The Yoast SEO plugin will then give you feedback: it will tell you whether your images have alt attributes and if the alt text is relevant to the topic of your page or post. The only thing left for you to do is add some relevant alt text. This will not only make your site more accessible; it will also help with your rankings!
- Text length
Yoast SEO’s content analysis checks the text length of your post. For regular posts or pages, we advise writing more than 300 words. Why is that? Well, a higher word count helps Google to better understand what your text is about. And, generally speaking, Google tends to rank longer articles higher. Hold your horses though, we don’t advise just adding content for the sake of it.

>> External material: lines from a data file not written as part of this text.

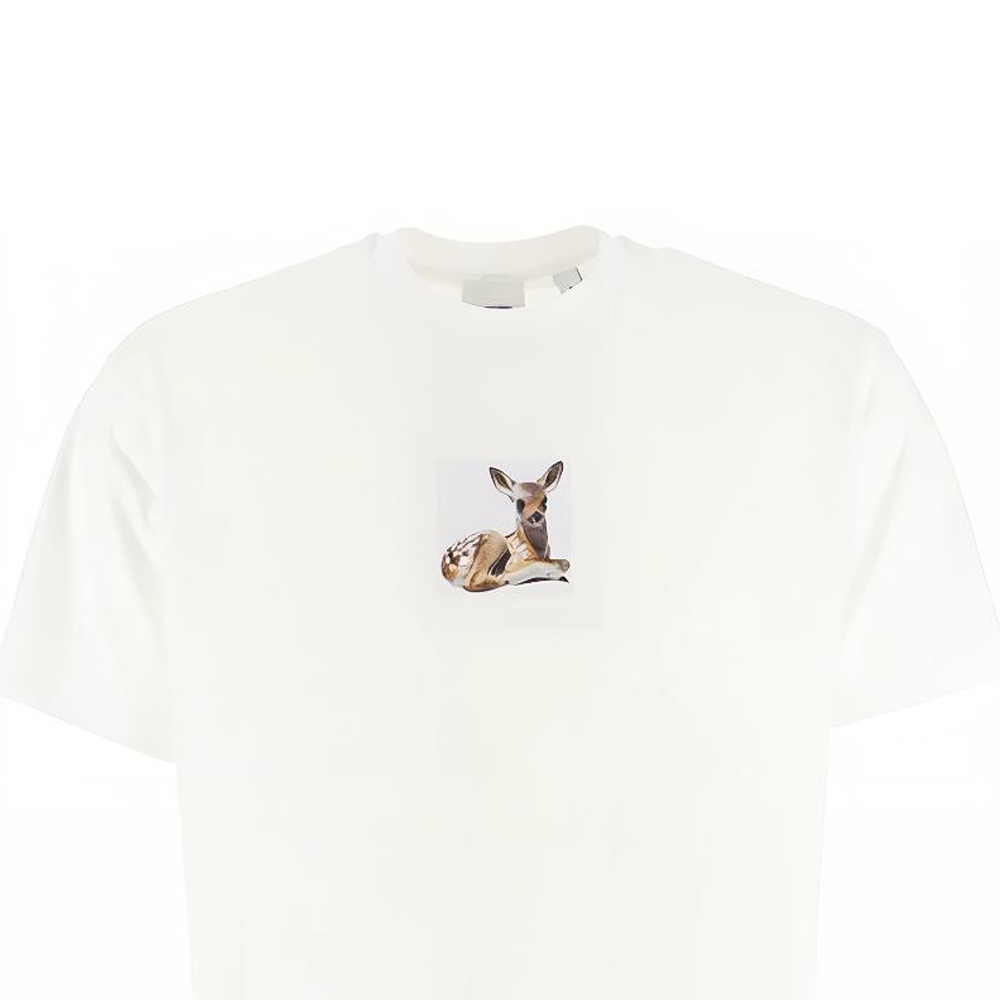 Burberry White T-Shirt with Fawn Print 8022370-A1464 圖 6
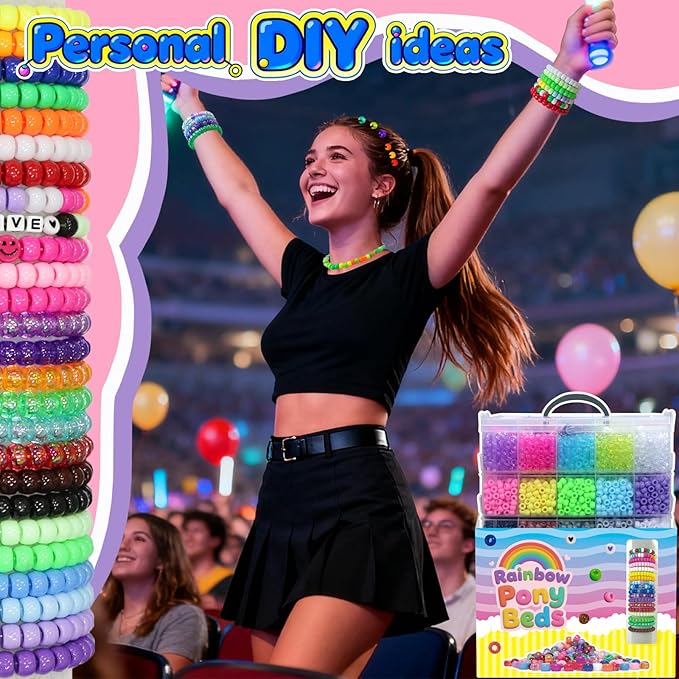 JULIMAIDONG 11000Pcs Pony Beads, Beads for Bracelets Making, Multi-Colored Hair Bead for Hair Braids, 30 Colors Kandi Friendship Bracelet Bead Jewelry Making Kits for Craft (30Color(11000PCS))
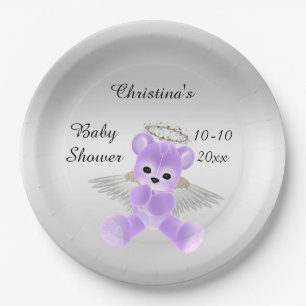 Assiettes En Carton Fête de naissance Fille / Garçon Ourson Ange Lilas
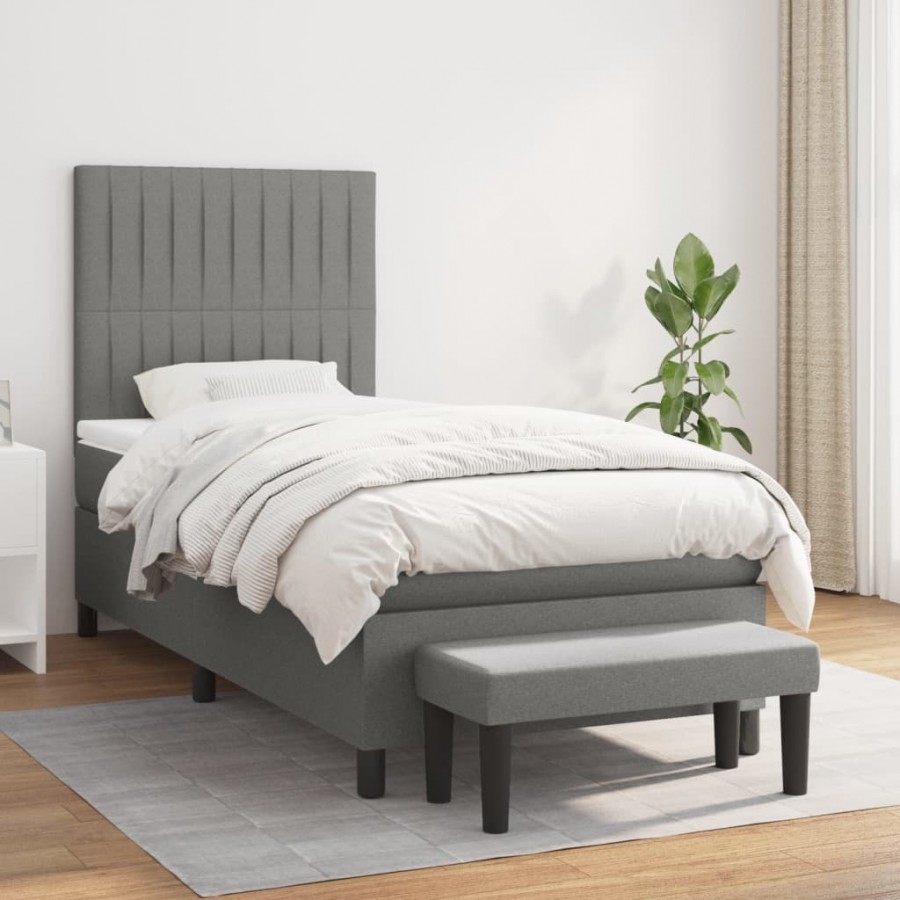 Sommier à lattes de lit avec matelas Gris foncé 100x200cm Tissu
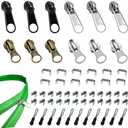 Vintrex 60 Pcs Zipper Repair Kit with Replacement Sliders, #5 Metal Zipper Pull Replacement Kit for Jackets, Coats, Tents, Backpacks, Sleeping Bags, and Luggage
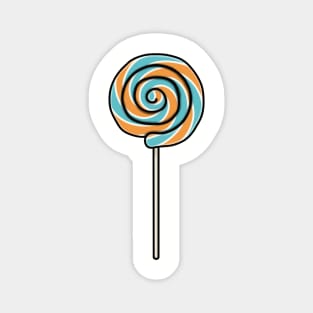 Fun Swirl Lolly Pop Cartoon Style Illustration Magnet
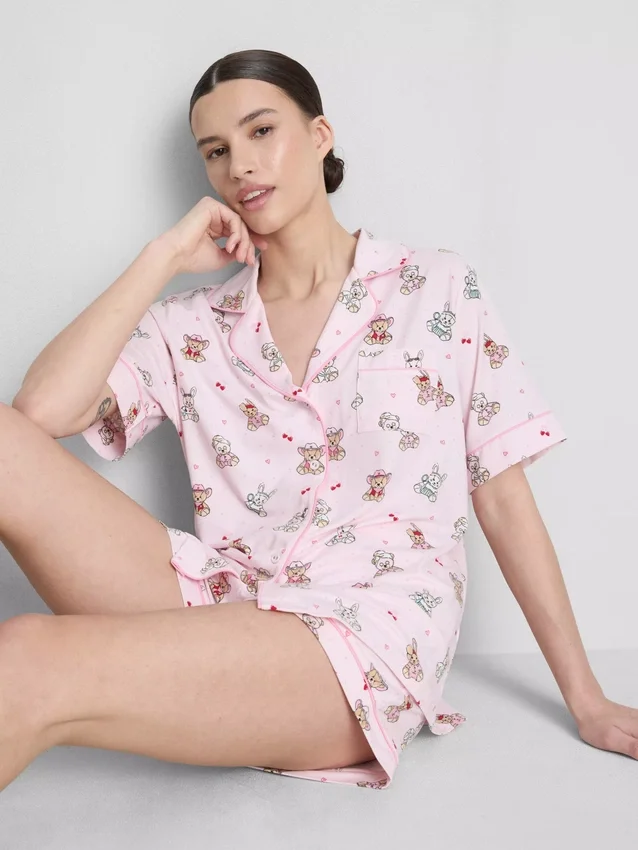Bedrukte teddy boyfriend shorty-pyjama's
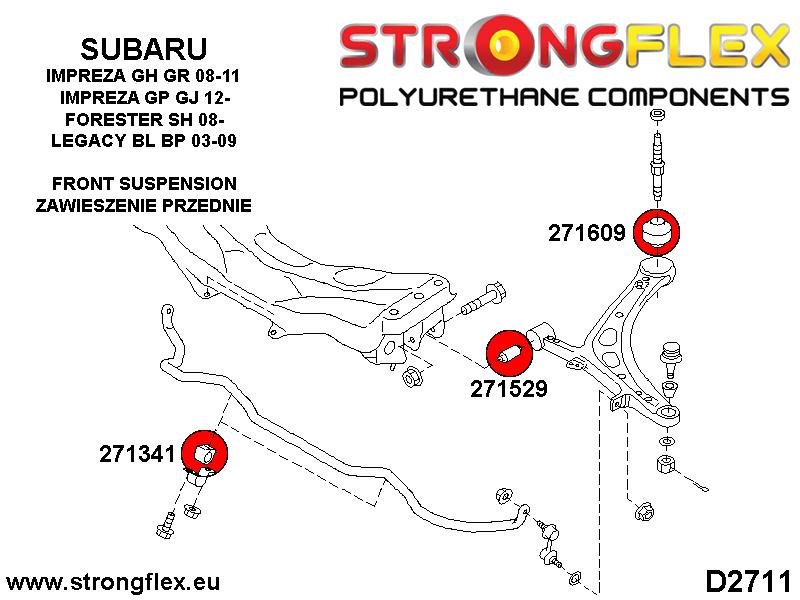 276164B: Front suspension polyurethane bush kit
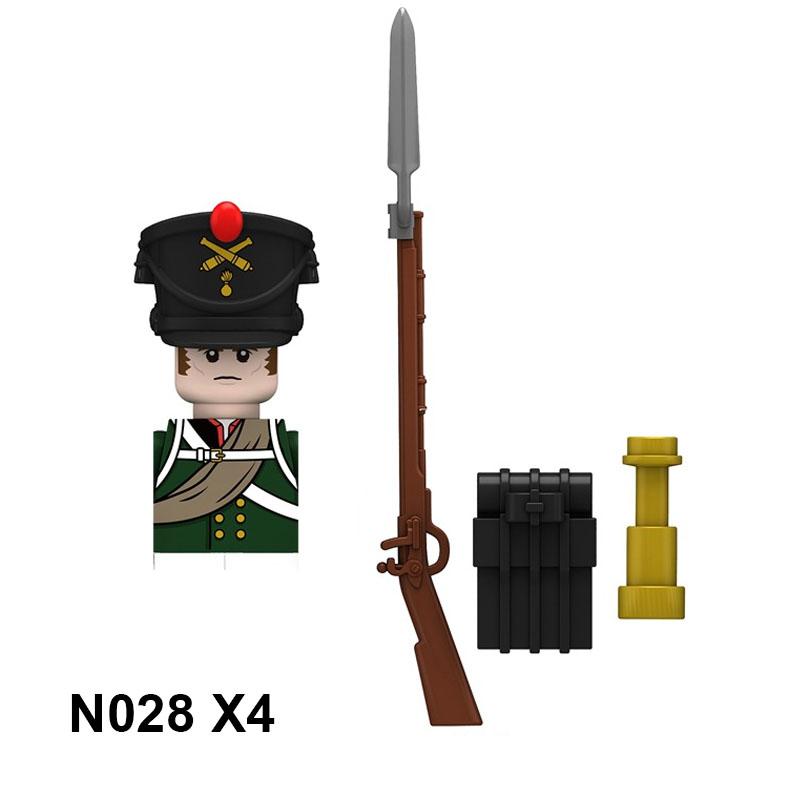 4pcs Military Building Blocks Medieval Knights Duke Marshal Figures Napoleonic Wars Weapons Sword Flags Shoulder Armor Cape Brick MOC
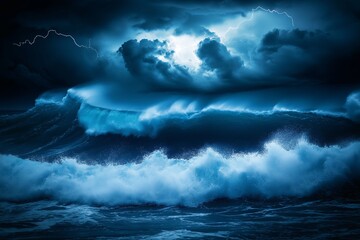Poster - A stormy ocean with lightning illuminating massive crashing waves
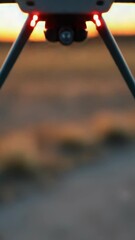 Poster - Close-up of a drone's lights shining bright, ideal for use in tech or futuristic concepts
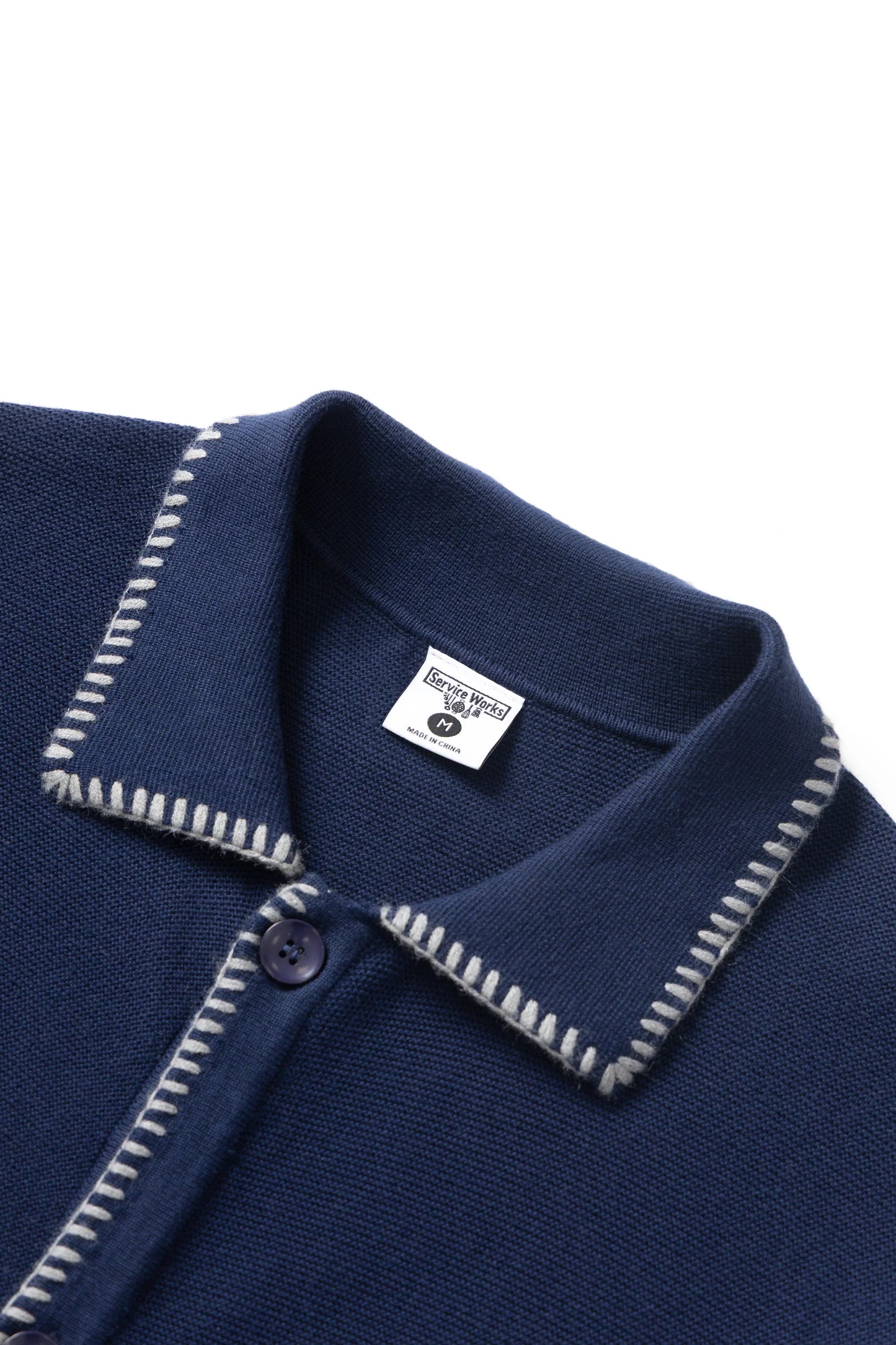 Service Works Blanket Stitch Cardigan Navy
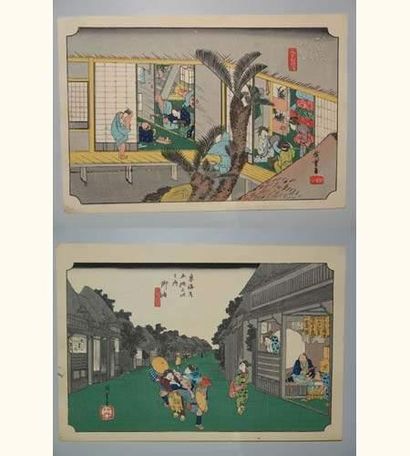 null JAPON
Deux estampes de Hiroshige, série de la Grande Tokaido, station 36 « Goyu »...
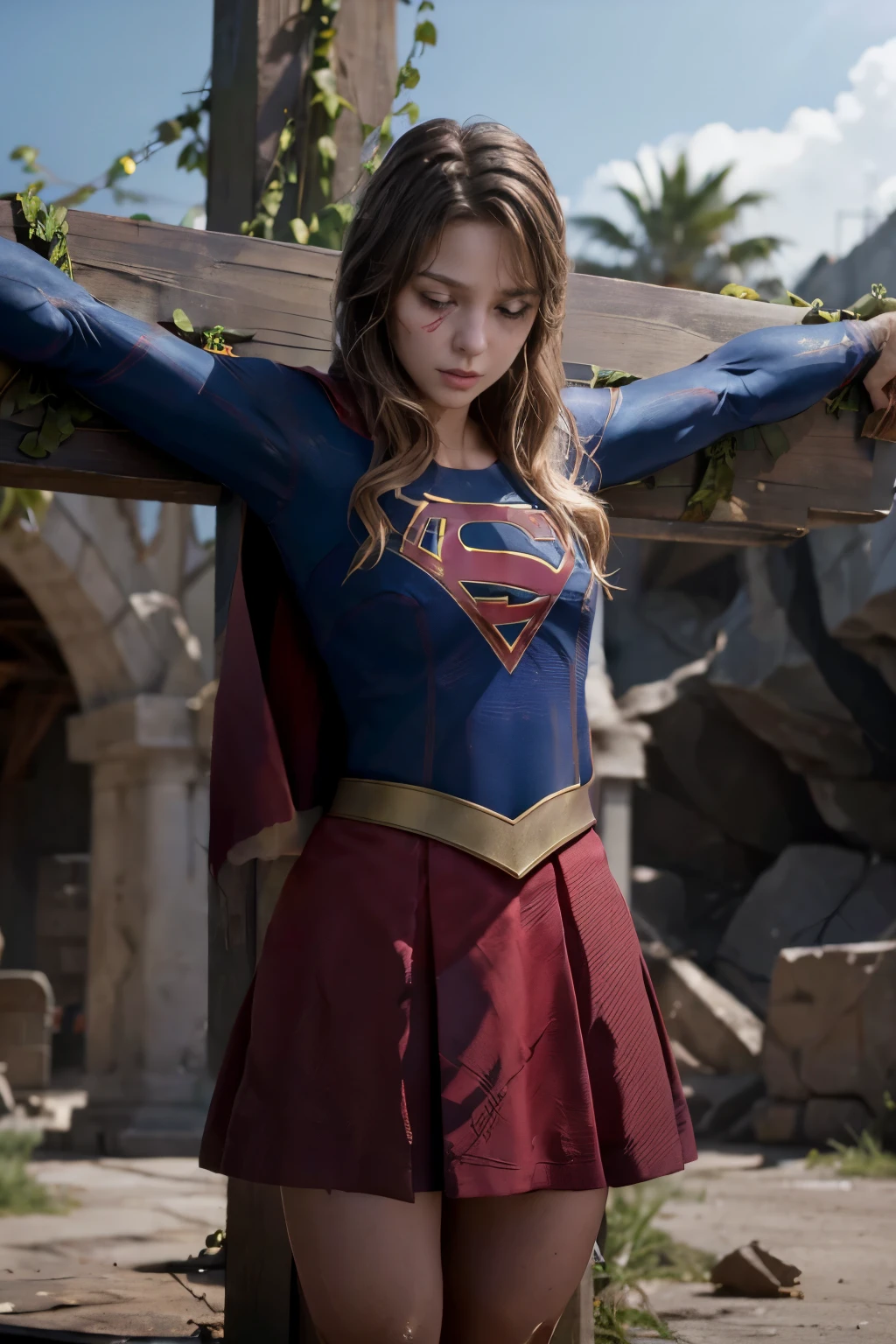 highest quality,masterpiece,UHD, Super detailed, 8K,(Beautiful woman),一人のBeautiful woman,((crucifixion)),(cross),(execution),((incontinence)),scared,torture,slave,((crossにcrucifixionにされた女性:1.5)),crucifixion刑,(supergirl),red skirt,((torn costume:1.2)),(tattered clothes),((Bruises on face and body)),Defeated heroine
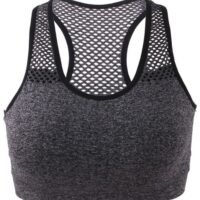 Generic Wireless Mesh Quick-Dry Sports Bra Bra Grey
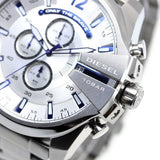 Diesel Mega Chief Chronograph White Dial Silver Steel Strap Watch For Men - DZ4477 Buy Now By Diesel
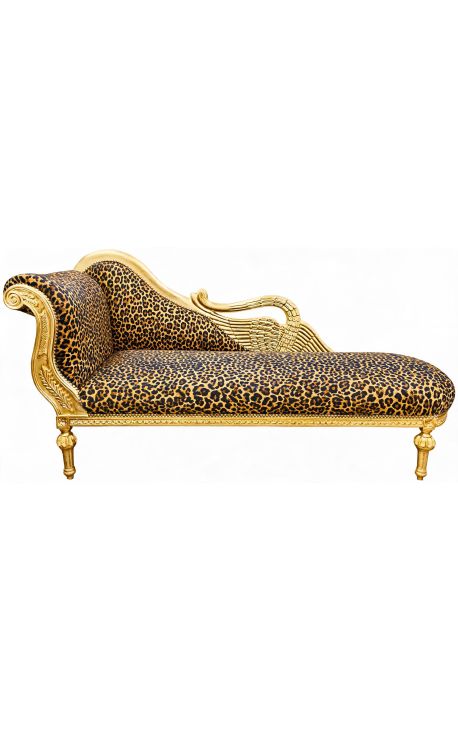 Chaise baroc mare seniță cu o țesătură de leopard leopard sculptată și lemn de aur - 1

Nobody wants to read badly written lengthy articles. Quality and user-friendliness still come first!
- Keyphrase in title
Think about it: what is the first thing you see in a search engine? The snippet, right? It is the result that contains three essential elements – a title, a meta description, and a slug. To inspire people to come to your site, you should take advantage of each snippet element and make it count. Your result will pop out in the search results pages if you use your keyphrase in the title, the meta description, and the slug.
- SEO title width
Writing good page titles is an essential skill for anyone doing SEO. Why? Because the title tag is the first thing a user sees in search results, and it’s also one of the most important factors that Google uses to determine the topic of a page. This makes titles essential to SEO
- Keyphrase in slug
In SEO, we often talk about creating the right slug for a page. Of course, we’re not talking about the slimy creature that eats your plants. So, what is this ‘slug’, then? And why should you optimize it?
A slug is the part of a URL that identifies a particular page on a website in an easy-to-read form. In other words, it’s the part of the URL that explains the page’s content. For this article, for example, the URL is https://yoast.com/slug, and the slug simply is ‘slug’.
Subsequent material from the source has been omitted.